Thousands of dollars in cash, gold jewelry from Dubai and a brand-new Tesla and Porsche.
All were seized by the FBI in a raid on the home of a Shakopee businessman on trial in the Feeding Our Future case, an agent testified Friday — one of hundreds of law enforcement officers who searched more than two dozen locations in 2022 during the investigation of what prosecutors call a massive fraud scheme.
The unsealing of search warrants on that day, Jan. 20, 2022, publicly revealed the FBI investigation, leading to charges and indictments of 70 people, including seven who are on trial this month.
Many details about what FBI agents seized have been reported in court documents since then. But Friday’s testimony gave the jury its first look at the evidence as prosecutors seek to tie the defendants’ lavish lifestyles during the COVID-19 pandemic to the millions of dollars they are accused of stealing via federal reimbursements intended for feeding children in need.

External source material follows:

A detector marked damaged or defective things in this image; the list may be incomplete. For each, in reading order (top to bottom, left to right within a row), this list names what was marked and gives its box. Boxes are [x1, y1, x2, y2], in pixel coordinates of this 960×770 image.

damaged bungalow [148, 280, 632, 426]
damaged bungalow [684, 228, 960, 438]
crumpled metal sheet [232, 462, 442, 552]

Assistant U.S. Attorney Daniel Bobier showed the jury photos of the inside of Abdiaziz Farah’s two-story Savage home, and the piles of cash and paper trail of bank records and meal program forms that agents found. He asked FBI special agent Richard Frank about the evidence of “fruits of a crime” for which agents scoured the home, along with other businesses and properties in the case.

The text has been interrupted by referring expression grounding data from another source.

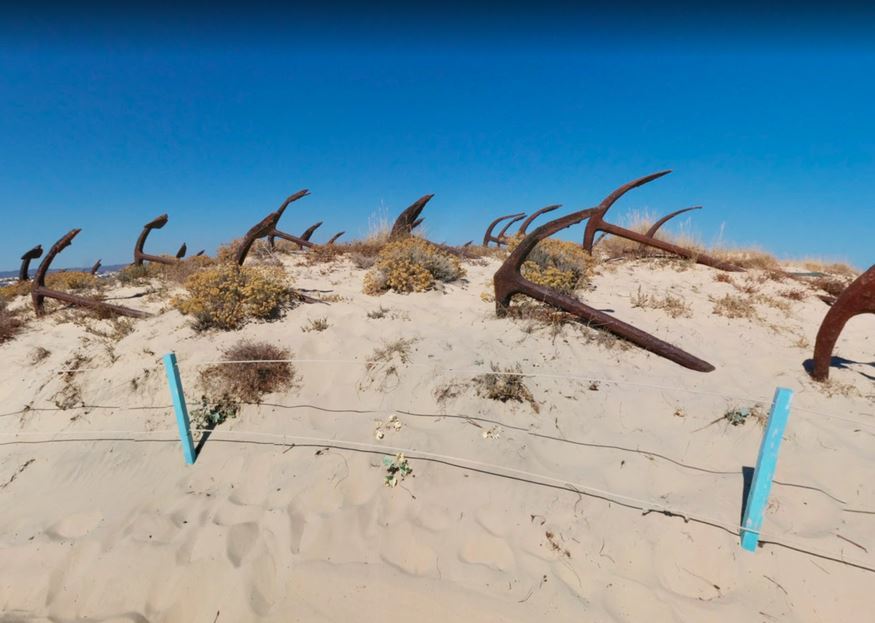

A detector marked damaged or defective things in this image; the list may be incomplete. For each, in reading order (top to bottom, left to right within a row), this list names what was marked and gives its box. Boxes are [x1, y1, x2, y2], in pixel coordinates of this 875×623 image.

corrosion [17, 245, 43, 282]
rusty anchor [18, 245, 43, 282]
corrosion [32, 229, 149, 320]
rusty anchor [33, 230, 151, 320]
rusty anchor [133, 214, 186, 266]
rusty anchor [390, 195, 434, 241]
corrosion [390, 195, 434, 241]
rusty anchor [482, 212, 524, 246]
corrosion [482, 212, 524, 246]
rusty anchor [520, 205, 560, 236]
corrosion [520, 205, 560, 236]
rusty anchor [496, 173, 716, 372]
corrosion [496, 173, 716, 372]
rusty anchor [580, 174, 744, 274]
corrosion [584, 174, 744, 274]
rusty anchor [812, 264, 872, 380]
corrosion [812, 264, 872, 380]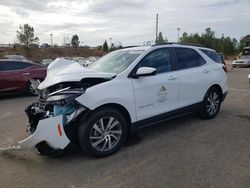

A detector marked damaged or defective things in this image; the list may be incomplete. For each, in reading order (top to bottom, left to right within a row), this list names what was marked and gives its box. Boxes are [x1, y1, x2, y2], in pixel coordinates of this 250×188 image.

crumpled hood [38, 57, 116, 89]
damaged front end of suv [18, 58, 114, 155]
detached front bumper [18, 114, 70, 150]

Prosecutors said more than $250 million was stolen from U.S. Department of Agriculture programs that reimburse day-care centers, nonprofits and schools for feeding low-income children after school and during the summer — one of the largest pandemic-related fraud schemes in the country.
Farah, 35, who was charged in September 2022, owned Empire Cuisine and Market in Shakopee. The other defendants on trial are his brother, Said Shafii Farah, as well as Mohamed Jama Ismail, Abdimajid Mohamed Nur, Abdiwahab Maalim Aftin, Mukhtar Mohamed Shariff and Hayat Mohamed Nur.
The seven defendants collectively claimed to serve more than 18 million meals during the pandemic, receiving more than $40 million in federal reimbursements. They’ve been charged with wire fraud, money laundering and other crimes.